- Directions for this task: What is the number of lines in the data below that contain "Women"? Reply with the number only.

- Information provided:
────────
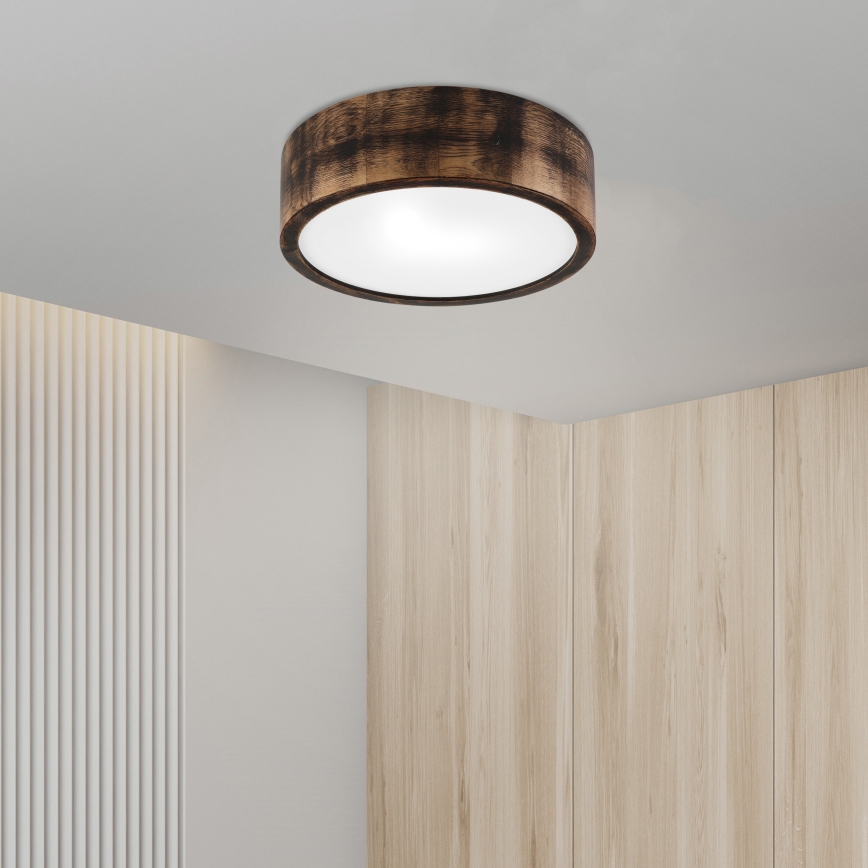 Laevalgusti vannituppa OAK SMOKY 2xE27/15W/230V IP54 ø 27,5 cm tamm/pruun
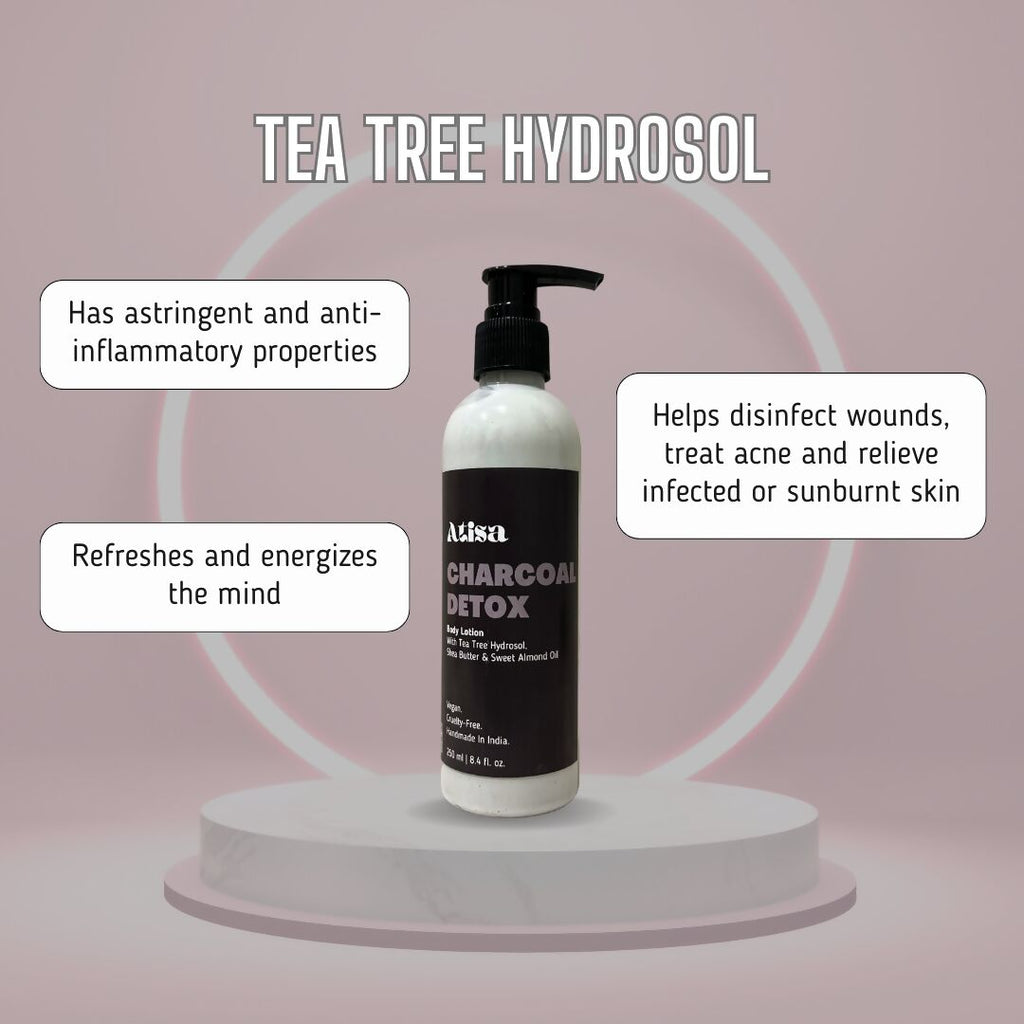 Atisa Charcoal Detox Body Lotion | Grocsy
────────
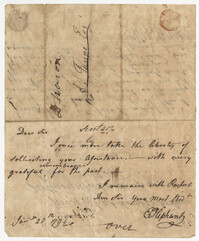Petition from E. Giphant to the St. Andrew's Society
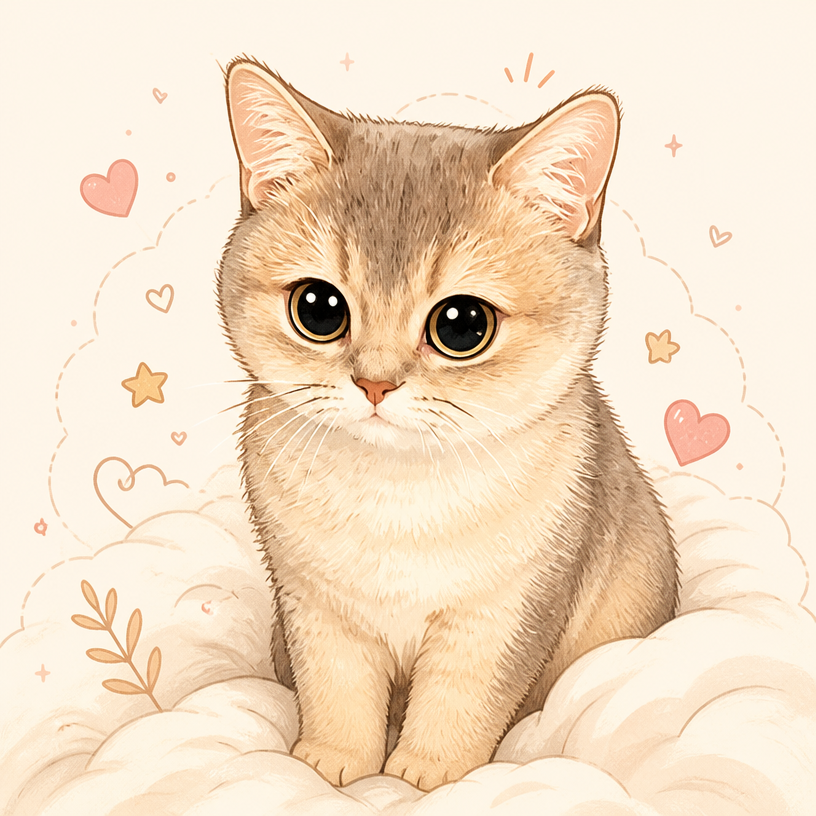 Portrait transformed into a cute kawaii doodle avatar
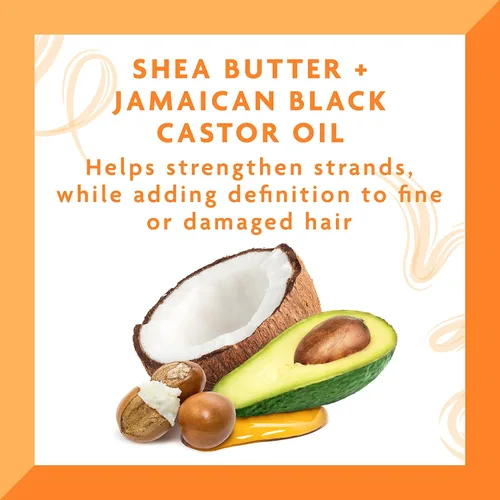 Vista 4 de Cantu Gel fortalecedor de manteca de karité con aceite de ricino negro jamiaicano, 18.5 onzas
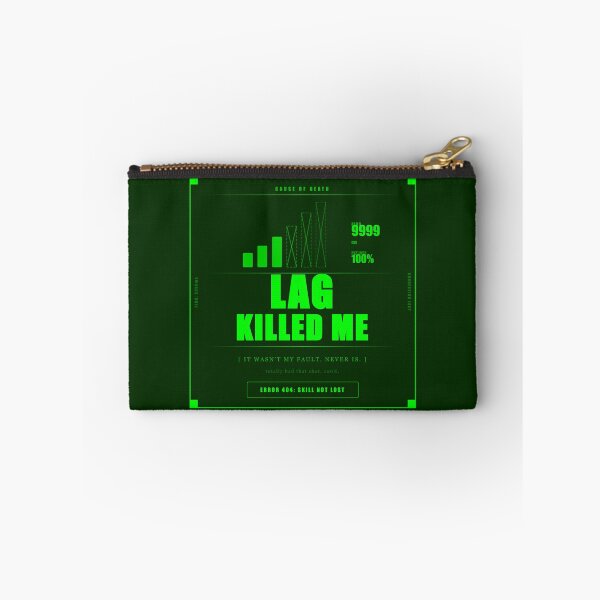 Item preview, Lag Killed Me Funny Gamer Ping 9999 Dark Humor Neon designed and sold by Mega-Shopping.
────────
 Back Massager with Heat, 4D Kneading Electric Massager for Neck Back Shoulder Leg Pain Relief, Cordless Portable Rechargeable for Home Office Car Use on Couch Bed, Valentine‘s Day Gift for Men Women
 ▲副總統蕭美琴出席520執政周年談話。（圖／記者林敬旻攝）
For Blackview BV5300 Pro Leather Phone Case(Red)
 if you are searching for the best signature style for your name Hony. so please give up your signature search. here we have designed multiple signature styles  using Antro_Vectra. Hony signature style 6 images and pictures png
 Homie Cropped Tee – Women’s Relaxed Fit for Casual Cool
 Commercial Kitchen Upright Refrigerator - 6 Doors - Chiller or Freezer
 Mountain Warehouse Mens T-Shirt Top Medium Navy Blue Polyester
────────
- Exercise response: 2